Case StudiesManaged Detection and Response

A+ coverage: Red Canary MDR fills in security gaps at a higher education institute

With the right MDR partner, a security team of one can reduce risk, extend capacity, and stop overnight attacks.

Executive Summary

  • 2 overnight attacks stopped in minutes
  • 3-4x team capacity
  • Faster MTTR through automation
  • 24/7 detection and response

A nonprofit organization in Canada provides higher education and career development for thousands of students and professionals. The organization’s technology is managed by a small, centralized IT department with just one administrator managing security.

The security administrator is responsible for maintaining the organization’s overall security architecture; ensuring that employees can do their jobs safely; and safeguarding customer data, private student information, and intellectual property. He also ensures compliance with privacy laws such as the Personal Information Protection and Electronic Documents Act (PIPEDA).

130

employees

400

endpoints

35000+

students and members

 
 

Like many higher education organizations, the institution battled significant resource constraints. Its IT environment is highly complex and services tens of thousands of end customers, yet the security team had minimal headcount and a tight budget that made it difficult to keep up with all the demands. They had no endpoint solutions beyond antivirus and would have no way of knowing if someone breached the network.

Eager to step up its security program, the organization conducted a third-party risk assessment and identified a number of critical gaps in endpoint visibility, threat detection, and incident response. Instead of adding headcount, the IT leader decided to outsource detection and response. Building the skill set internally would have been extremely challenging; hiring a team of specialists with deep expertise of the ever-changing landscape would be too costly to maintain.

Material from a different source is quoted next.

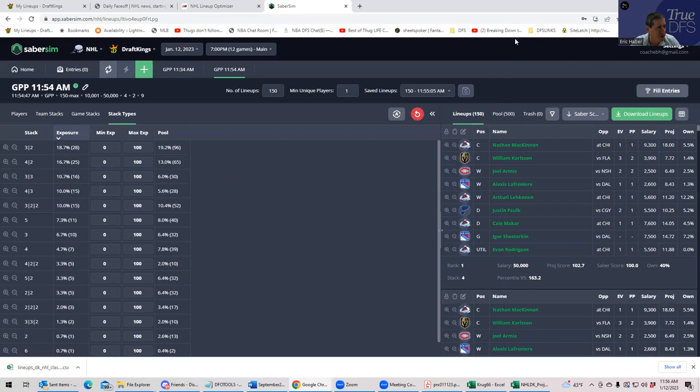And then just as a sanity check, or if you want to just MME, then put the same projections into SaberSim and see what SaberSim spits out. And when it agrees with you, you're probably in good shape. And that should pretty much do it. Good luck for tonight's slate. And hopefully you learned something for future slates. That'll do it. Good luck.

The team started looking for a unified SIEM solution that would offer both Managed Detection and Response (MDR) and network detection and response. When they were unable to find a vendor that could satisfy both those needs, MDR rose to the top as a potential “big win” for monitoring and containment. The organization could implement the solution relatively quickly and see a big impact.

After looking at a number of MDR vendors, the team was won over by Red Canary MDR with Carbon Black. One of the key deciding factors was Red Canary’s extensive hands-on support. Throughout the proof of concept, they noted a level of attentiveness, knowledge, and genuine partnership they didn’t find with other vendors.

Deployment was fast and easy. Within minutes of installing the client on a new machine, it appeared in the console. From there, the team could go in to view information and manage the device—all while knowing that Red Canary was monitoring endpoints for potential threats and enabling rapid response.

Instead of relying on just one person for security, the organization now has a full team of experts at their disposal. In addition to Red Canary’s security analysts and an account manager, they also have a dedicated incident handler with deep knowledge about their environment. The team meets regularly to stay aware of the organization’s ongoing initiatives.

The security administrator notes, “We’ve had several instances where we relied on our incident handler’s analysis to help us put the pieces together. They always provide good advice—not only when we have an issue, but anytime we want to talk through a security question. They provide insight based on what they’re seeing with other customers to help guide our direction. That kind of intelligence gathering is extremely helpful.”

Red Canary’s automation capabilities are yet another way to extend the team’s capacity, reduce risk, and cut response time. The team is able to create playbooks to automate workflows and can apply different rules to certain groups of machines. This allows the flexibility to tailor response actions for high-priority assets.

The IT leader says the improvement in their response time is even greater than what they’d see with 3-4x their internal resources. “Even if we hired three more security administrators, they wouldn’t be able to monitor endpoint activity all the time. Instead, we can use Red Canary’s automated capabilities to alert our customers to potentially threatening behaviors and lock down a computer or take it offline. It really cuts down how long it takes to remediate threats.”

The team has also discovered unexpected benefits of the platform. During a forensics exercise after an attack, the team was able to pull all the relevant information from Red Canary, then pass it on to forensic investigators to speed up the investigation. Red Canary also acts as a stand-in for an asset management solution by helping the team get a better handle of their assets across the board.

 
 
 

Red Canary stopped two attacks that could have had a serious impact, including one that occurred in the middle of the night. The team would have had no way to know about the threat if not for Red Canary.

The IT leader recalls, “Within 30 minutes, Red Canary spotted the activity and started looking at it, and within 90 minutes, we were able to totally stop the attack. From my perspective, that alone is invaluable. I don’t have to build a case for the solution anymore; it’s already proven its value.”

The security administrator adds, “By stopping those attacks, Red Canary met a mission-critical goal of protecting our customer data. In that sense, it has protected the priorities of the organization by securing a customer and protecting member privacy.”

The platform has added value at every stage of the incident response lifecycle: identification, containment, response, and remediation, as well as continuous improvement. The team is able to gain insight through a report that helps them identify improvements so they can avoid similar situations in the future.

The solution has saved time and eased workload. The administrator says: “It definitely adds a lot of value to my workload. I can’t recall ever having an issue where I struggled to use the tool or doubted its value. It’s proven on multiple occasions to be invaluable to the organization, and it’s a great partnership for us.”